LAST week Zairian President Mobutu Sese Seko pulled a diplomatic rabbit out of a hat, brokering in one day a cease-fire in neighboring Angola's 14-year civil war. This week he expects his reward when he comes to see his friends in Washington. Zaire's ambassador here says his impoverished country deserves more aid. Bush administration officials say there is not much they can do for the flamboyant central African potentate. Translation: Zaire has already gotten all the help available, given the limited foreign aid budget and opposition from Congress fueled by reported Zairian corruption and human rights abuses. For fiscal year 1989, Zaire is slated to receive $60 million worth of development assistance (most of it in-kind aid) and $3 million in military aid.

But President Mobutu is about to get something money cannot buy: the honor of being the first African head of state to make an official visit to Washington during George Bush's presidency. News coverage will also likely focus largely on how he accomplished the Angola cease-fire, rather than the usual questions about his allegedly fantastic personal wealth.

Mobutu's visit may not be big news in the US, but it is back home. News photos of him shaking hands with President Bush will be front-page stuff in Zaire, helping to reinforce his already solid position as absolute ruler with friends in high places, says Michael Schatzberg, an assistant professor of African studies at Johns Hopkins School of Advanced International Studies.

State Department officials say they were surprised by the speed with which Mobutu organized the 18-nation summit of African leaders and the subsequent cease-fire. On the other hand, a US official says, if any African leader could pull it off, it was Mobutu. ``He's practically a genius when it comes to politics,'' the official says. ``We just wish he could manage his economy better.''

The US helped pave the way for the Angola accord by brokering last December's regional agreement that provided for the independence of Namibia, which borders on Angola. But the US was on the sidelines for last week's agreement on Angola and will stay there during future negotiations to iron out the agreement, US officials say. For now, the US will continue to send arms to the guerrilla forces of Jonas Savimbi, who has been fighting Angola's Marxist government. The US has also made known its desire that Mr. Savimbi not be sent into exile.

If the Angolan rivals do succeed in permanently ending their civil war, the calculus of US-Zairian relations will change. Zaire has been widely reported to be the main conduit for US aid to Savimbi's force, the National Union for the Total Independence of Angola (a point Mobutu denies). With no war, Zaire will become less important to the US.

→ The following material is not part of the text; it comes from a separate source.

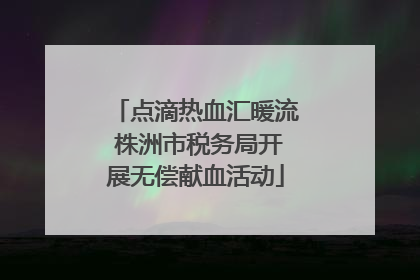 点滴热血汇暖流 株洲市税务局开展无偿献血活动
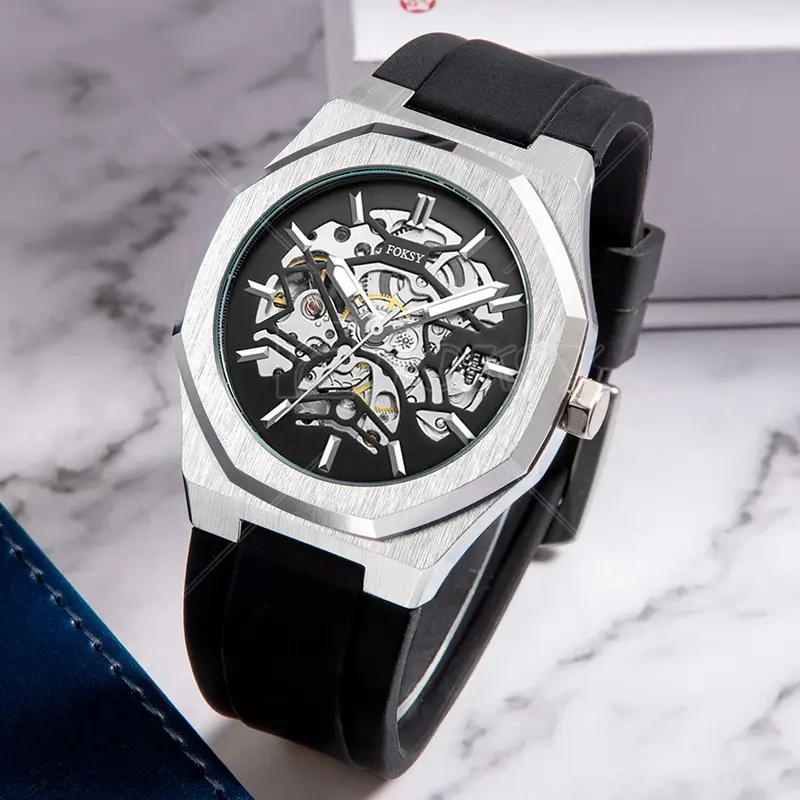 Venta al por mayor personalizado Montres De Marques Pas Cher Diseña tus propios relojes mecánicos automáticos de lujo baratos Pulsera para hombres esqueleto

``For years, the US has had two competing sets of interests in Zaire: one, the East-West struggle, and two, the commitment to democracy and human rights,'' Dr. Schatzberg says. ``As long as the Soviet threat was perceived as real, the US could say he was helping the fight, so human rights will have to be sacrificed. Now ... if the perception of a Soviet threat is gone, the US will have to focus on the lamentable record on human rights.'' US officials accept the basic premise of that remark, though, one says that ``we can lean on Mobutu to clean up his act, but it doesn't mean it will work.''

Schatzberg agrees that the US does not have much leverage in Zaire. Over the years, Zaire has diversified its ties to other countries. Aside from its close (and sometimes volatile) relationship with its former colonial ruler Belgium, Zaire has developed ties with France, Israel, Italy, West Germany, and China, and eventually can be expected to establish relations with the Soviet Union, Schatzberg says. Still, the US can influence decisions on Zaire in the multilateral banks and has the overall carrot of continued close ties with a superpower, he says.

US officials acknowledge that Mobutu's open displays of wealth - frequent and luxurious travel, lavish gifts for friends, expensive homes around the world - are unseemly given his country's poverty. But they argue that compared with other African countries, Zaire is not doing that much worse. They take issue with allegations, documented by Amnesty International and other human rights organizations, of systematic torture in Zaire.

``Human rights is always a part of the dialogue with Mobutu, and we will say something'' in meetings with Bush and Secretary of State James Baker III, a State Department official says.

``But the problem is exaggerated in Zaire. Mobutu doesn't need to kill his enemies - he buys them off.'' A case in point is Nguza Karl I Bond, a former rival to Mobutu now Zaire's foreign minister.

Even with no war in Angola, Zaire would remain an important ally for the US in Africa. Of the sub-Saharan nations, it is second in land mass and population, and is strategically located. It has more nations on its border - nine - than any other African country. The Central Intelligence Agency is assumed to have a significant presence there, and with the political situation of southern Africa expected to a key global hot spot for years to come, Zaire will remain an important US listening post.